The results of the present study showed that mitochondrial energy metabolism was remarkably regulated by iron–sulfur protein family alterations in KIRC. Under normoxic and hypoxic conditions, a high rate of glycolysis can promote the growth of cancer. The glycolysis process can produce ATP to support proliferation and acidify the local tumor environment, which helps cancer cells escape the recognition and metastasis of immune cells12,21,24,25. Based on previous studies, we suspect that changes in iron–sulfur protein family genes affect mitochondrial translation and mitochondrial gene expression, thereby preventing the transformation of cancer cells from aerobic respiration to glycolysis and limiting the development of tumors in terms of energy metabolism. The results of immunohistochemistry showed that the expression levels of NFU1, ISCA1, ISCA2 and C1ORF69 in normal tissues were higher than those in renal clear cell carcinoma tissues, which further verified our previous hypotheses. More convincingly, in cell experiments, knocking out the ISCA2 gene of RCC-7860 cells enhanced cell migration and invasion capabilities, which further confirmed our hypothesis. Despite these findings, almost no study had been conducted on KIRC thus far. Further research is needed to elucidate the specific mechanism of iron–sulfur protein family genes in the development of KIRC.
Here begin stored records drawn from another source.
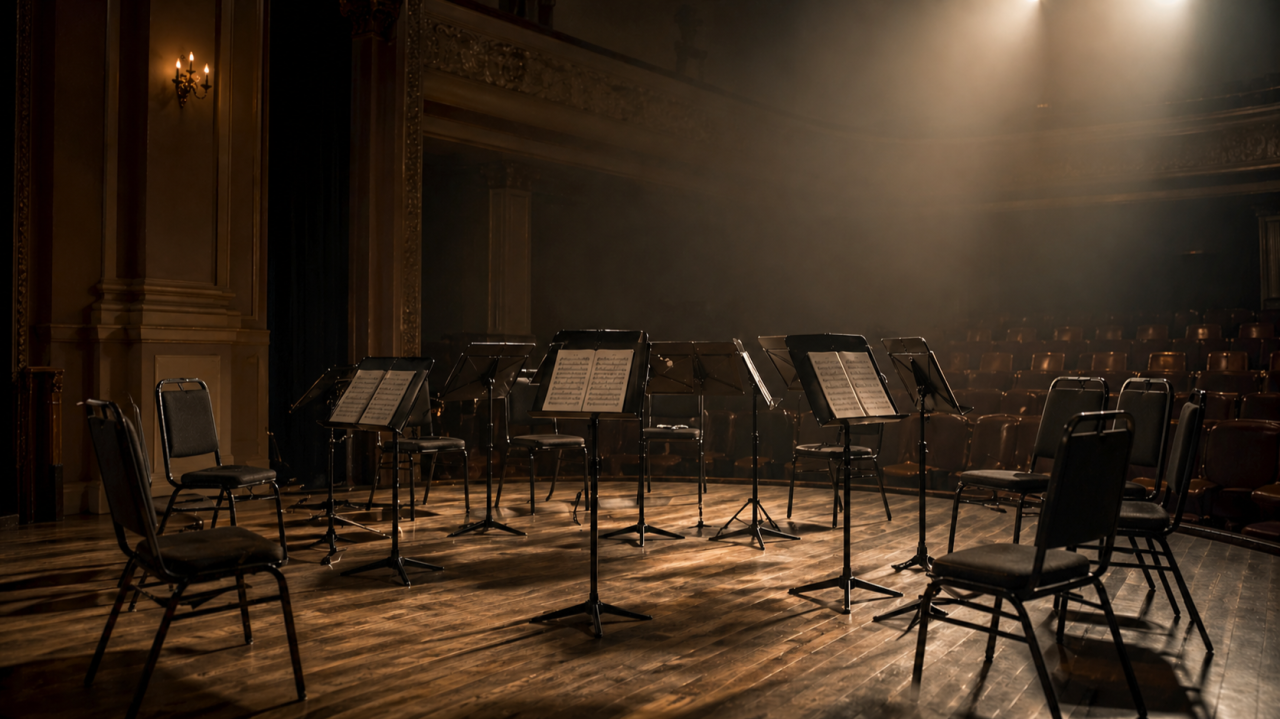 Photo for staging a concert - a darkened empty stage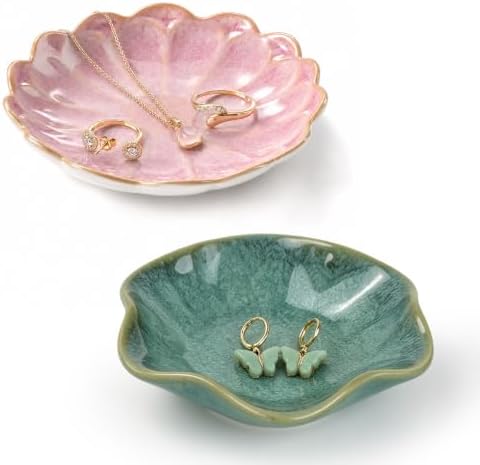 2Pcs Ceramic Lotus Leaf Jewelry Trays, Decorative Ring Trinket Dish by LIOUCBD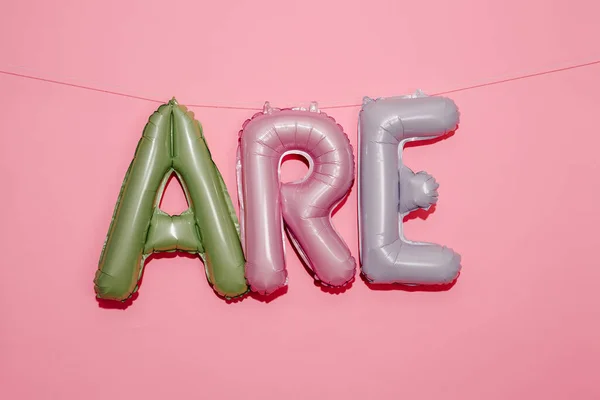 Alphabet Shaped Balloons Different Colors Forming Text Hanging String Pink — Stock Photo, Image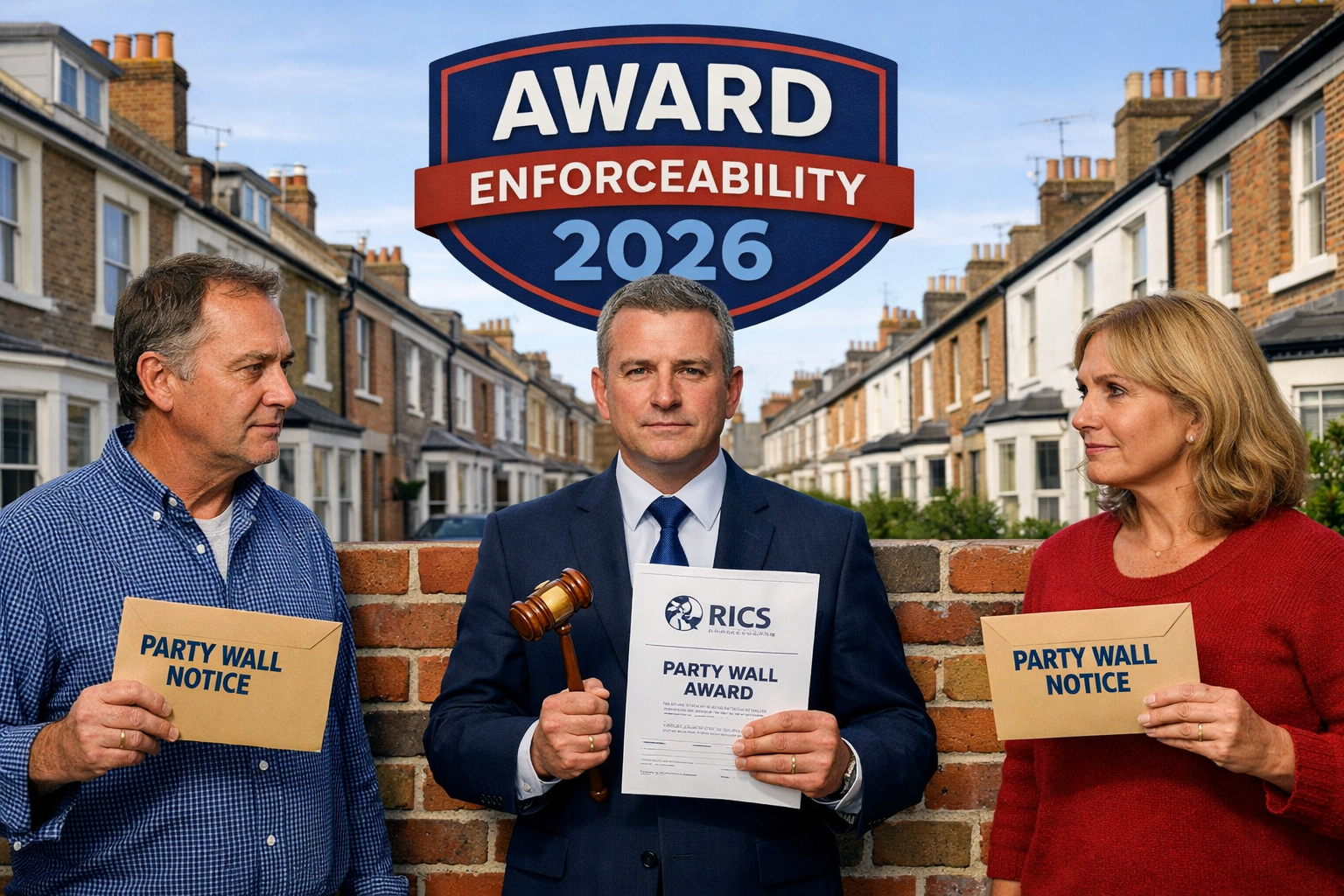 () conceptual image showing two adjacent property owners on opposite sides of a brick party wall, each holding official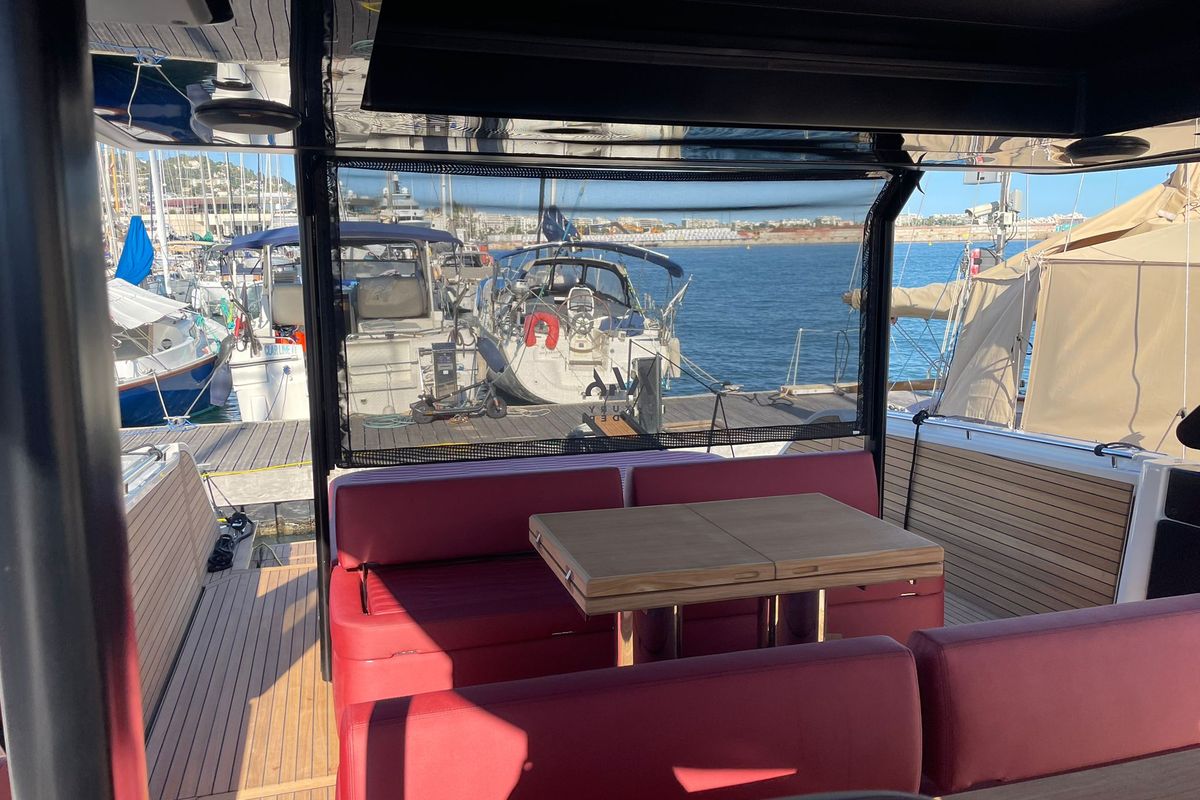 Deck of Cranchi A 46, a Cranchi A 46 motorboat at Cannes, France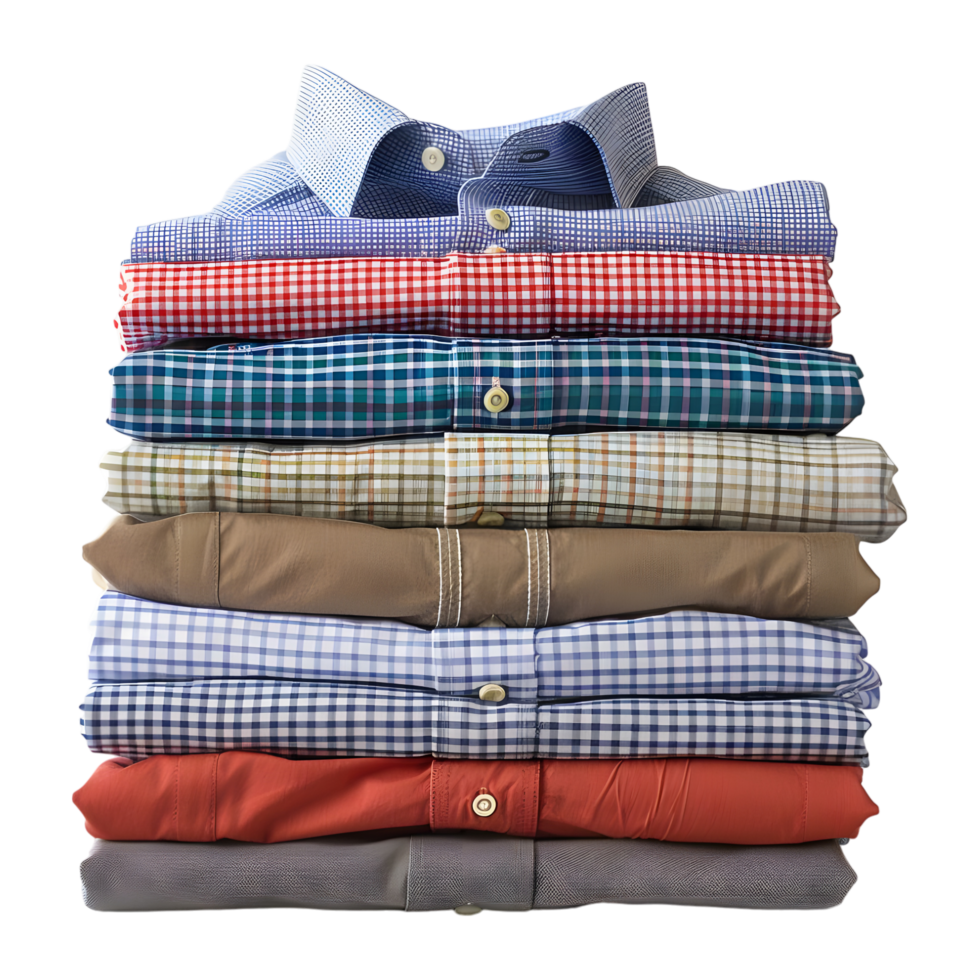 AI generated 3D Rendering of a Stack of Shirts on Transparent Background - Ai Generated png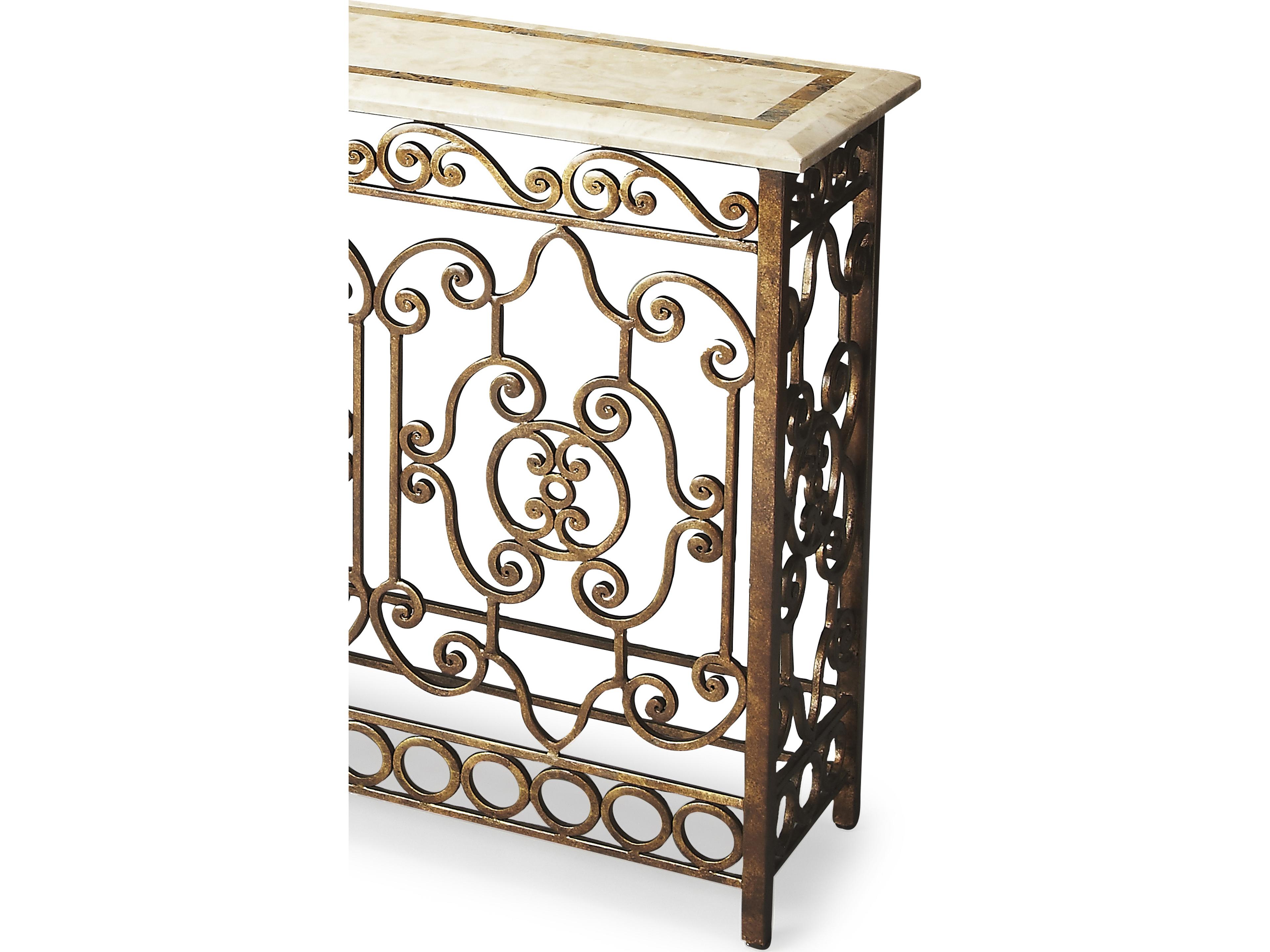 Butler Contessa Rectangular Stone Metalworks Console Table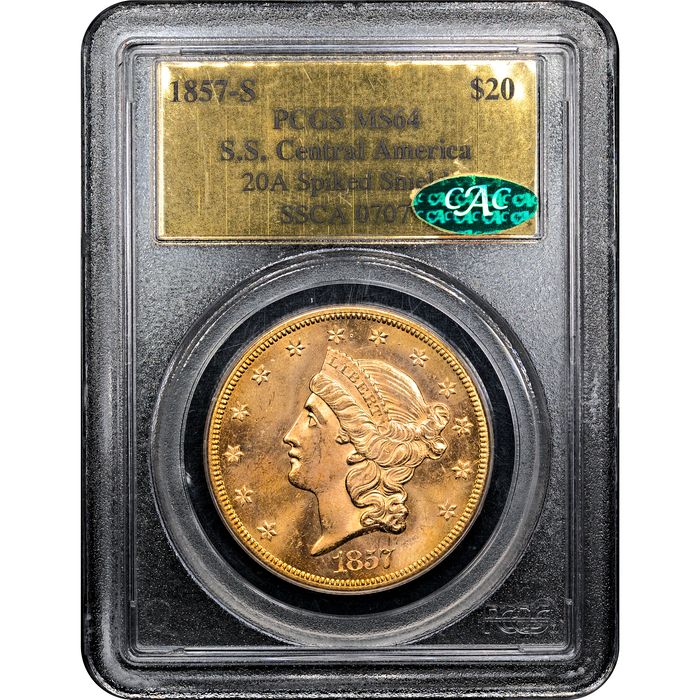 1857-S Liberty Gold Double Eagle ($20) S.S. Central America Obverse Slab Image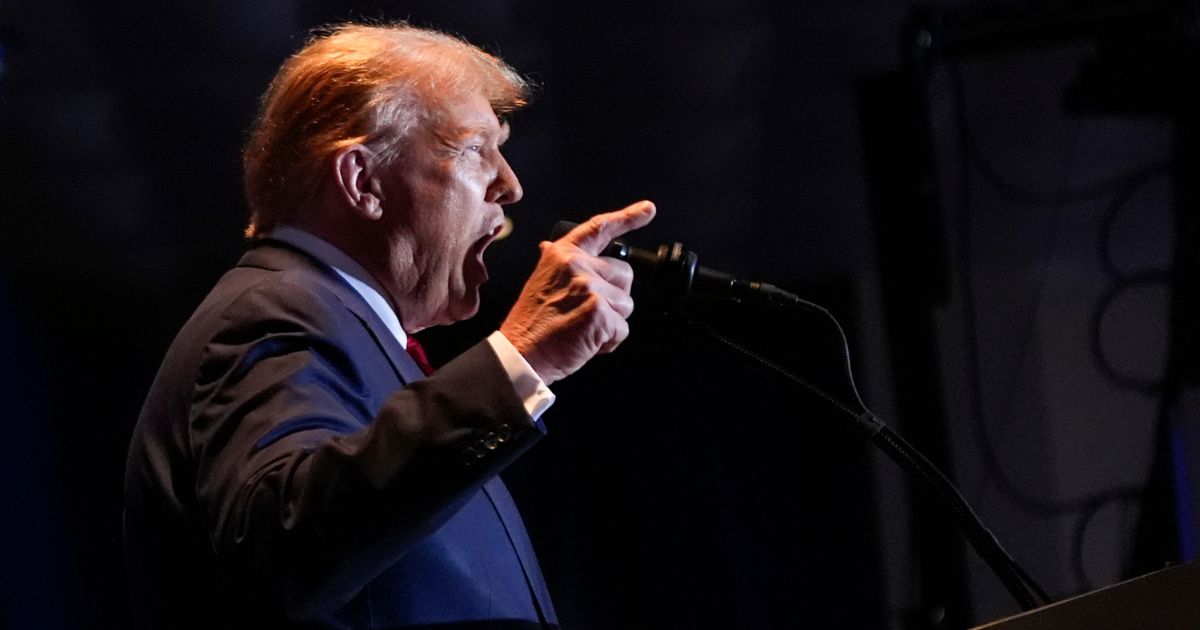 Donald Trump speaking at a primary election night party at the South Carolina State Fairgrounds in Columbia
Taken together, we systematically analyzed the expression and prognostic value of iron–sulfur protein family genes in KIRC to obtain a deep understanding of the complexity of the molecular biology of KIRC. Our results indicate that increased expression of NFU1, ISCA1, ISCA2, and C1ORF69 may play an important role in KIRC tumorigenesis. More importantly, NFU1, ISCA1, ISCA2, and C1ORF69 are expected to become potential therapeutic targets for KIRC, as well as potential prognostic markers for improving the survival rate and prognostic accuracy of KIRC.